__Problem statement__. From the line containing "The Japanese player" down to the line containing "In the third" in the records below, reproduce every line exactly, ends included, and omit all others.

__Extracted entries__.
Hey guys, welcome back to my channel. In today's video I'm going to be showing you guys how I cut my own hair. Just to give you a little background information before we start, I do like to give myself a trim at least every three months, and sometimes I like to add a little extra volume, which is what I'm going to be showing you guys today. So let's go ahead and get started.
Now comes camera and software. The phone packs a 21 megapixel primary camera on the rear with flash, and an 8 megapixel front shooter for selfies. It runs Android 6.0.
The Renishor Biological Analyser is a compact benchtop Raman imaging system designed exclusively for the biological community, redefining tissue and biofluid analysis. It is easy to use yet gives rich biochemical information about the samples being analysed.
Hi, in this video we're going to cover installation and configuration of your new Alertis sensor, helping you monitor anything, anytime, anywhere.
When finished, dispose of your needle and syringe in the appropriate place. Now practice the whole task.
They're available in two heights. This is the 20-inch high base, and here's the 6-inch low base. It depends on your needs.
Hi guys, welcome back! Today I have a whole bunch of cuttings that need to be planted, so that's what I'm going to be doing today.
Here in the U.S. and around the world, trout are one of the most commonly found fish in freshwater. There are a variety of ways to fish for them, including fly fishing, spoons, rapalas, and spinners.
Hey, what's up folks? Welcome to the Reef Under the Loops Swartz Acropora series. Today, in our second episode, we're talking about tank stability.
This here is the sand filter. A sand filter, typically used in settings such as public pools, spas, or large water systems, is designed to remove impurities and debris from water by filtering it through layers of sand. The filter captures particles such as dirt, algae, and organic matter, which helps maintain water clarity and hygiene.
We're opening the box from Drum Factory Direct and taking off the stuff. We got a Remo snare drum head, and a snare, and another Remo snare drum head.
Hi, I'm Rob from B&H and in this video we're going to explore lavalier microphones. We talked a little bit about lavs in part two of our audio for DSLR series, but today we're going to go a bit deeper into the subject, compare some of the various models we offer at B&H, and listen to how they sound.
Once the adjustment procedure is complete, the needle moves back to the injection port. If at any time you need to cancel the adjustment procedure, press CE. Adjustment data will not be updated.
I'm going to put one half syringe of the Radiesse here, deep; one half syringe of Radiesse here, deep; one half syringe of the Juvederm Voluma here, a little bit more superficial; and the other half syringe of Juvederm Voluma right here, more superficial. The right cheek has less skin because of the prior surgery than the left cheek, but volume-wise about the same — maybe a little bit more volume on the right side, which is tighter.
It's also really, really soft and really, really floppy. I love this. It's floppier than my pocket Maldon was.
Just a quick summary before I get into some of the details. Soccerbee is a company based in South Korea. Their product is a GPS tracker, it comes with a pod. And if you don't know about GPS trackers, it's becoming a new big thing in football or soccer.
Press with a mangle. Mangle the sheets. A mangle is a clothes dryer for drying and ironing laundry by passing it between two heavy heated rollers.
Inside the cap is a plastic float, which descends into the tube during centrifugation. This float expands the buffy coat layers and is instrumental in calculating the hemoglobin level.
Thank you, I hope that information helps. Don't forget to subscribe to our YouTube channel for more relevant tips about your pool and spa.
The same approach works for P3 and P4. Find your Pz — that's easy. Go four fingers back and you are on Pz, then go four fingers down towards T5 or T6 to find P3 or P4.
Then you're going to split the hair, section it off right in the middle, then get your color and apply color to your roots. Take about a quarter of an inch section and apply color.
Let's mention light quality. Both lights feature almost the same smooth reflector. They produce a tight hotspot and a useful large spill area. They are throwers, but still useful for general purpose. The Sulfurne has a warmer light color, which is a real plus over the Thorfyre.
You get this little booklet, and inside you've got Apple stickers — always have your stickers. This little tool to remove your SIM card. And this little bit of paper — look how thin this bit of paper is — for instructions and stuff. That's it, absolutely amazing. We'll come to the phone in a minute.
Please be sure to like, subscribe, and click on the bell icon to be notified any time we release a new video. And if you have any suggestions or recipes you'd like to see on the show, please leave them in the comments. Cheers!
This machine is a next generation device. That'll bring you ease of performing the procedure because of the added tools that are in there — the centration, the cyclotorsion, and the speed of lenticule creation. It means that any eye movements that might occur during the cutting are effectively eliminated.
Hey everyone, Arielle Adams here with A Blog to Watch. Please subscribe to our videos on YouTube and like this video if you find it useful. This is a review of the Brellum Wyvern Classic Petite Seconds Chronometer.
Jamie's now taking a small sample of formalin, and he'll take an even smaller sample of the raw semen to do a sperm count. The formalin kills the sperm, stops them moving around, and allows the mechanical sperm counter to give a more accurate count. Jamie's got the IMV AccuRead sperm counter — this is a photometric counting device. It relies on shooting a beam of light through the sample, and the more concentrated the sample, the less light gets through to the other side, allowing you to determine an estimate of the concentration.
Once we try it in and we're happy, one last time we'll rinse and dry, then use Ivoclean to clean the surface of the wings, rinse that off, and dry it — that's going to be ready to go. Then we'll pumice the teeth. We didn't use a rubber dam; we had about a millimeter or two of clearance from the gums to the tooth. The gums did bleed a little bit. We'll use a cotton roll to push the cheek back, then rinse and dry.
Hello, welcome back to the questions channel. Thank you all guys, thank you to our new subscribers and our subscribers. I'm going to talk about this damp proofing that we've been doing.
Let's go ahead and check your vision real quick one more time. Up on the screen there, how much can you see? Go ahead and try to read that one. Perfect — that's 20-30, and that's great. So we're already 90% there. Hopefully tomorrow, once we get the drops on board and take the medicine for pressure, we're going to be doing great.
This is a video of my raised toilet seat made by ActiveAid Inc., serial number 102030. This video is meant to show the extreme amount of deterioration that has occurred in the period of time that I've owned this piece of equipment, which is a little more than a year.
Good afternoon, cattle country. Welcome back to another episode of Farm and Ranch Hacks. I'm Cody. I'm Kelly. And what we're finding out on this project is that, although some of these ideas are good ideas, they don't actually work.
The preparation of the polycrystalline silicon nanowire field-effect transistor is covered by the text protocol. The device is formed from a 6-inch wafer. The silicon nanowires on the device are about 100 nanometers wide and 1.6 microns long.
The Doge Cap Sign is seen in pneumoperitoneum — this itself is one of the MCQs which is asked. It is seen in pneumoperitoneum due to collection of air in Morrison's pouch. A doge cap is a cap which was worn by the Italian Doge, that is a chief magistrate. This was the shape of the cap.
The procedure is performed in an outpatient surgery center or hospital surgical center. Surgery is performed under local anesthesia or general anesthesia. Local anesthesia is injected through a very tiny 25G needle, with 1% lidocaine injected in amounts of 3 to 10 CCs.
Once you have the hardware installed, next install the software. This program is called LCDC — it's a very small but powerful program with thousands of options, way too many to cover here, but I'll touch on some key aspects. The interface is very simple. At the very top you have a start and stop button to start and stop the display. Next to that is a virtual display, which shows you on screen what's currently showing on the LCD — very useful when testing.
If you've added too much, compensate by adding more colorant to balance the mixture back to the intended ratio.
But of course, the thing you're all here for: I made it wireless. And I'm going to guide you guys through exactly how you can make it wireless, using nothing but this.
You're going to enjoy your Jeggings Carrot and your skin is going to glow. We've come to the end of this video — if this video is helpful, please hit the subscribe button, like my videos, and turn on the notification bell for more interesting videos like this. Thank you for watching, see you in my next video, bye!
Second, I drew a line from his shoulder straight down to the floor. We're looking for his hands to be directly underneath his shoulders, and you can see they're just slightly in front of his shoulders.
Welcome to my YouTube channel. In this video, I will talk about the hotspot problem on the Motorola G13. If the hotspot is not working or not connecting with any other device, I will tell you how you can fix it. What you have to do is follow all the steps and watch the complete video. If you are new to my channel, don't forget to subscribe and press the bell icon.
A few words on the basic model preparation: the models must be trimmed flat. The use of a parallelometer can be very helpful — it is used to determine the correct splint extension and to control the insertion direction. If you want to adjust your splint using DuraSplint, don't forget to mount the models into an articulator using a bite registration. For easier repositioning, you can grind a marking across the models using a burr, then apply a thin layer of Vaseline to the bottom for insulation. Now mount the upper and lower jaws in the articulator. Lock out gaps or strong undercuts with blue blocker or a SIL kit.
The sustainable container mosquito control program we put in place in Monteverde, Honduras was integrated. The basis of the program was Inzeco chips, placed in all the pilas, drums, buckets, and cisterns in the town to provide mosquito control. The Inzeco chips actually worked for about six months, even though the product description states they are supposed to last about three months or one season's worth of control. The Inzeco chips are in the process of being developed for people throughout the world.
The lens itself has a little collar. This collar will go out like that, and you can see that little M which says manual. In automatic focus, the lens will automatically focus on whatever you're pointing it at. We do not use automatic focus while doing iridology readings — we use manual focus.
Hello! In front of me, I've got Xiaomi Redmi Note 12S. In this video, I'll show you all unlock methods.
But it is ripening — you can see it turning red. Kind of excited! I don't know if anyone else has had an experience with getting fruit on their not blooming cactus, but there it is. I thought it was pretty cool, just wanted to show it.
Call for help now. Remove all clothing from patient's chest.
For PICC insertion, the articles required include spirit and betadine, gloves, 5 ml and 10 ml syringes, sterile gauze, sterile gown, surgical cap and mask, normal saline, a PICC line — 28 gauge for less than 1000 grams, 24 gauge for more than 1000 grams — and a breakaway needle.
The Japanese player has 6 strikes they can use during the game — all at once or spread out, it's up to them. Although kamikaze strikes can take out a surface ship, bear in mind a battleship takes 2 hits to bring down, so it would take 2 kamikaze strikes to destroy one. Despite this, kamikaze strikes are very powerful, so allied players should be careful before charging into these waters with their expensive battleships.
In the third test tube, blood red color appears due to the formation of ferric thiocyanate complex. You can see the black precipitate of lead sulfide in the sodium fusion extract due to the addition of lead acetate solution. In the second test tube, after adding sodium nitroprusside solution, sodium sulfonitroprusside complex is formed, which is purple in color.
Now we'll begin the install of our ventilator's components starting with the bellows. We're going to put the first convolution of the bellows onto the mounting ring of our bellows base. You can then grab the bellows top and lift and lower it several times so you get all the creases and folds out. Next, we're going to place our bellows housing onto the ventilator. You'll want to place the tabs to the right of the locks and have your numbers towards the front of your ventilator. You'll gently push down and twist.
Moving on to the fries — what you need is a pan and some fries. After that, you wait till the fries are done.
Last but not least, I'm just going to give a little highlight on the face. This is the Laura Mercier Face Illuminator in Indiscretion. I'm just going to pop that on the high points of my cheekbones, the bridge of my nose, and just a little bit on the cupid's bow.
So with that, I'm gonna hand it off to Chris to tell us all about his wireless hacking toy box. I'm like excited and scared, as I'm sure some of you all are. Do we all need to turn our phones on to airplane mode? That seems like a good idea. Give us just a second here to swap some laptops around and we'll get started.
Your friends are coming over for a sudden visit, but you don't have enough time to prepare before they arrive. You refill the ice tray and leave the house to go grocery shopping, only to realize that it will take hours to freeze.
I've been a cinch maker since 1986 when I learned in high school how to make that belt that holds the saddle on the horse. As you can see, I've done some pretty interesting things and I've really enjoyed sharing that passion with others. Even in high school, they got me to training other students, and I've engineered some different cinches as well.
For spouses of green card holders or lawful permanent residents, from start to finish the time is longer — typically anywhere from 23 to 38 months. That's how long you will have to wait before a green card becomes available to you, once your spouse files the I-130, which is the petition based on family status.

__Your response__.
The Japanese player has 6 strikes they can use during the game — all at once or spread out, it's up to them. Although kamikaze strikes can take out a surface ship, bear in mind a battleship takes 2 hits to bring down, so it would take 2 kamikaze strikes to destroy one. Despite this, kamikaze strikes are very powerful, so allied players should be careful before charging into these waters with their expensive battleships.
In the third test tube, blood red color appears due to the formation of ferric thiocyanate complex. You can see the black precipitate of lead sulfide in the sodium fusion extract due to the addition of lead acetate solution. In the second test tube, after adding sodium nitroprusside solution, sodium sulfonitroprusside complex is formed, which is purple in color.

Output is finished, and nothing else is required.